Located at the southern edge of Rhine-Neckar Metropolitan Region, only five kilometres from the border to France, “Grüne Kaktus-Küche” (the Green Cactus Kitchen) is the first restaurant in Europe to put cacti at the centre of its dishes. The menu presents lots of vegetarian and vegan foods, most of them organic, as is the Mexican highland coffee. The poetry inherent in the culinary cactus delights spreads over to the names of the countless cacti and succulent plants in the neighbouring 7,000 square-metre greenhouse. Here, you find corkscrew cacti at its earliest and oldest ages, up to several decades; grafted chin cacti are in blossom with stunning colours; winding filigree coils of the delicate “Greisenhaar” (“old man’s hair”); and one huge ball-shaped “mother-in-law’s cushion.”
In Cactus Land, you can spend hours marvelling and looking around, and you can also purchase the cacti. But grasping the differences between agave, opuntia, and cactus takes thorough study and devotion. In Cactus Land you learn that cacti belong to the succulents family. Succulent means juice-conserving which is a collective term for plants that have adapted to arid climates. In the open countryside, cacti flourish in an apparently hostile environment, and the beauty of their blossoms is stunning. How could you ever count all those spines, know all the plants by name? There is, in fact, one person, who knows them all, including the numerous scientific Latin terms: Dr. Kim Beisel. Holding a PhD in botany, she grew up on this relocated farm near Steinfeld, helping create Cactus Land from what was once a wholesale establishment.
Her father, Karl-Werner, set the company up in 1978. This was the fundament for what would become one of the most attractive destinations of the region. Then, her parents approached retirement. Kim could have made a scientific career overseas. And yet, she decided to – as a member of the succeeding generation – establish a flourishing enterprise that rests on three pillars: firstly the very Cactus Land, secondly Cactus Kitchen, and thirdly the “Deutsches Aloe-Vera-Zentrum” (the German Centre for Aloe Vera) – which offer, amongst other things, their own brand of natural cosmetics products for sale.

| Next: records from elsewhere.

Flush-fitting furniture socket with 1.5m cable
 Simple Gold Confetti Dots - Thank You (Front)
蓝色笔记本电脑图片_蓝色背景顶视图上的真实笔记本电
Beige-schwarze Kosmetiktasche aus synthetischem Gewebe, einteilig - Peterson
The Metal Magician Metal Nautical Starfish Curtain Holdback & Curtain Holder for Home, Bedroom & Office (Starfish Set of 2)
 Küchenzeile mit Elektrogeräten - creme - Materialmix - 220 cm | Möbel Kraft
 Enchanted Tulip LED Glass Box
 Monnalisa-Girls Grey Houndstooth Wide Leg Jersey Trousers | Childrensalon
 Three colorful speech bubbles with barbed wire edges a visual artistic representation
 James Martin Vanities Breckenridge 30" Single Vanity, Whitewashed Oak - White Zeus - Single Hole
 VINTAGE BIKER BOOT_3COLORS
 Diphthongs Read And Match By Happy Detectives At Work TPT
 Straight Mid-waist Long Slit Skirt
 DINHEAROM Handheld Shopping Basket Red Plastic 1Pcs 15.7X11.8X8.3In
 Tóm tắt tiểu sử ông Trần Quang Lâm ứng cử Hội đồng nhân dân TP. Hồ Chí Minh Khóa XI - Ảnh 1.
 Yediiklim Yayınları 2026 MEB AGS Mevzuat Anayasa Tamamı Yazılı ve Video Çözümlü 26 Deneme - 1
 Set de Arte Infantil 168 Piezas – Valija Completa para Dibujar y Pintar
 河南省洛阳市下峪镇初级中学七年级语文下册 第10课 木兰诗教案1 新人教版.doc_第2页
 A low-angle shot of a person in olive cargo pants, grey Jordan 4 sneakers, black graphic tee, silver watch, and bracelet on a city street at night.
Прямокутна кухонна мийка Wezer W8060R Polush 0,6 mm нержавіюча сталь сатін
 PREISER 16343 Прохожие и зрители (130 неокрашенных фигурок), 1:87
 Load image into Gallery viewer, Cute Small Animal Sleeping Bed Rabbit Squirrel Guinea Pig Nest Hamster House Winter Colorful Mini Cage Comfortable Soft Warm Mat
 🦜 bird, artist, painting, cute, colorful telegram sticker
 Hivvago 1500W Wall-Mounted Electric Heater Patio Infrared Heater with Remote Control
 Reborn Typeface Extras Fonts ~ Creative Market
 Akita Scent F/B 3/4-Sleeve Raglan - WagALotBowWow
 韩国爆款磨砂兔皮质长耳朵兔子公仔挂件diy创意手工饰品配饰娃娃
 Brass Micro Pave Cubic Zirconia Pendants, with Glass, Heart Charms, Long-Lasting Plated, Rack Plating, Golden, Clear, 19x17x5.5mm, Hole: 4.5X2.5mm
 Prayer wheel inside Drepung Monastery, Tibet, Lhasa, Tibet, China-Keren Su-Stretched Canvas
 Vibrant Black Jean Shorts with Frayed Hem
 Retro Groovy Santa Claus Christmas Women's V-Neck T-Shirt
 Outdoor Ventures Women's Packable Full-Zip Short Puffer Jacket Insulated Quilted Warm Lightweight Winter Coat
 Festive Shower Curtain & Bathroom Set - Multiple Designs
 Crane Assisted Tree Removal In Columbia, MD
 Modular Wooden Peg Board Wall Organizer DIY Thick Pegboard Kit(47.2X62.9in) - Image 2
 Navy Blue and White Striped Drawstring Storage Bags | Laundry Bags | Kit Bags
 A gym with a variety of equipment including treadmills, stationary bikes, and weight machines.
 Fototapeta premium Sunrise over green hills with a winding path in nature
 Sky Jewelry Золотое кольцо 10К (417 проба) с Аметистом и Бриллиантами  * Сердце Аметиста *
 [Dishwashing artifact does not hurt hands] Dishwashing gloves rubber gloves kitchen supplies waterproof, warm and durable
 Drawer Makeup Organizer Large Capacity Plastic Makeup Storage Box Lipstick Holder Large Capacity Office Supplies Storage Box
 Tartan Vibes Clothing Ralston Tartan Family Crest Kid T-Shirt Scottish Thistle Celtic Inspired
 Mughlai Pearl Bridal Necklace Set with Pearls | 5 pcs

Today, the Palatinate Beisel family run their business on a global scale, they ship the tropical plants around the world. “Yesterday, we had cactus fans visiting from Scotland,” says Kim Beisel. Entire mini-cactus cargo units are packed here ready for shipment, destined for markets from Greece to China. The Palatinate business is renowned there for its expertise and the cactus is a symbol of good luck in the Middle Kingdom.